Donny (Sandler) lived the ultimate teenage dream: to have intimate relations with his hot high school teacher. This “relationship” resulted in Donny being a father in his early teens and having to take care of his son, Todd (Andy Sandberg), up until Todd’s 18th birthday.
While Donny was bombarded with press and 80s glamour, he had very little values and very little managerial skills towards his son and his life altogether, forcing him to live as an eternal child. We find out that Donny owes the IRS close to 50,000$ and if he doesn’t pay up in less than a week, he will have to go to jail. Enters the thought of contacting his son, since he knows Todd is doing better than him financially, which he hasn’t seen since he moved out when he turned 18.
In the meanwhile Todd is planning the last details on his marriage with his fiancée, Jamie (Leighton Meester), and living a wealthy(er) but stressful and anxious life. Donny passes as his friend in front of Jamie’s family since Todd never revealed he was the product of teacher-student scandal and 80s phenomena.
With what seems to be a pretty shitty story for the untrained brain to process, the jokes molded around it actually kinda saved the movie (a little bit). A lot of the jokes were 80s referential humor, which included a fun bunch of cameos (mostly Vanilla Ice playing himself (!)). Very little to do with the actual story but worked well since Sandler’s character was an extreme caricature of those 80s-has-been child stars. A lot of that same decade’s music accompanied the flick (ironically) and made it really fun. It may seem cliché but paired with some extremist jokes it made it…less bad.
More comics who are used to being seen in a Sandler movie make brief appearances (Nick Swardson, Will Arnett) lighted up the mood for certain scenes and it felt like a Happy Madison project
Sandler was probably the most horrible part of the movie, sadly but with no surprise there. His voice was just really irritable and his character was just too repetitive with many gags, it just starting to grow old too fast. His character hardly learns from any of his mistakes and his persona doesn’t change till too close to the end. That is until Sandberg comes around and delivers an even performance. Being very close to what he usually plays the nervous, clumsy and perpetual smart-mouthed guy. His relationship to Sandler’s seems implausible at first due to the actors’ real age and Sandler’s thin performance.
Ladies, your treat is watching Milo Ventimiglia (that guy from Heroes), playing Jamie’s brother. His character is quite unusual but will ensure lots and lots of laughs.
But, after the story gets started, the jokes just keep flying at you and you will start forgetting all the issues you encounter in the first twenty minutes in. The characters start to grown on you, the humor is way over the top many, many times and it makes it so absurd that you just kinda wanna see more.

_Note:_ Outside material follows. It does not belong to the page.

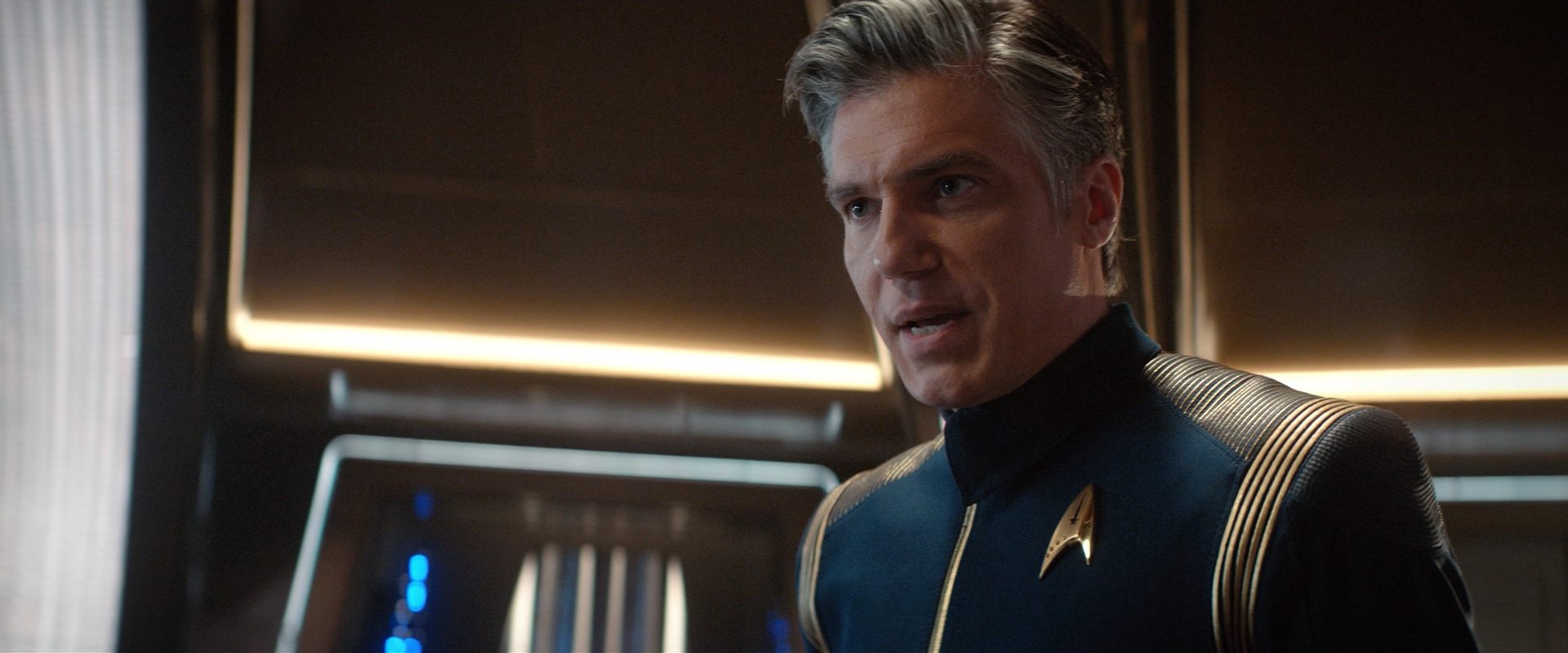extant_StarTrekDiscovery_2x10-TheRedAngel_05175.jpg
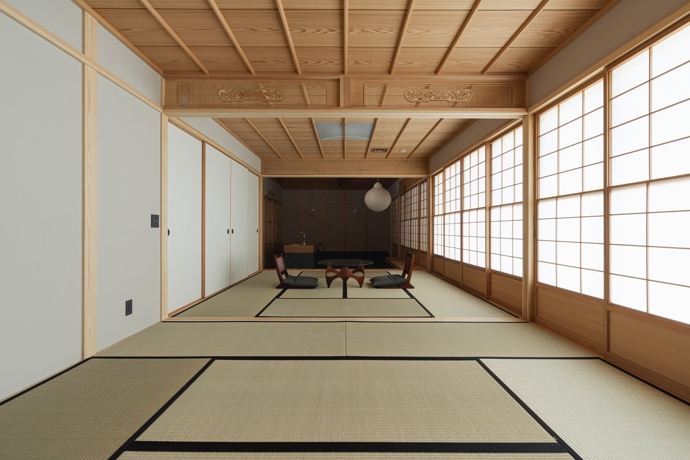 Majitele přitahovala ho japonská scenérie a dokonalý klid, který mu v běžném životě chybí. 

The father-son theme gets a little more credible and a bit heartwarming by the end, where you already start forgiving Sandler for having become such a bad actor. Donny “accidentally” teaches his son the values in life and has a chance to be the father he could never have been. Yes, its premise is really out there, the actors are not terribly good (except Sandberg, he did a good job) but the jokes, while being at times really gross and far-fetched (making the R rating very justifiable and worth it), make the movie likable and most importantly: tolerable.
That’s My Boy has way more bad stuff its way than good ones. But sometimes we need that guilty-pleasure movie we all know is bad but love to watch anyway. The jokes are hilarious (even the terrible ones) and the end result will surely make up for whatever bad judgment you had for the movie.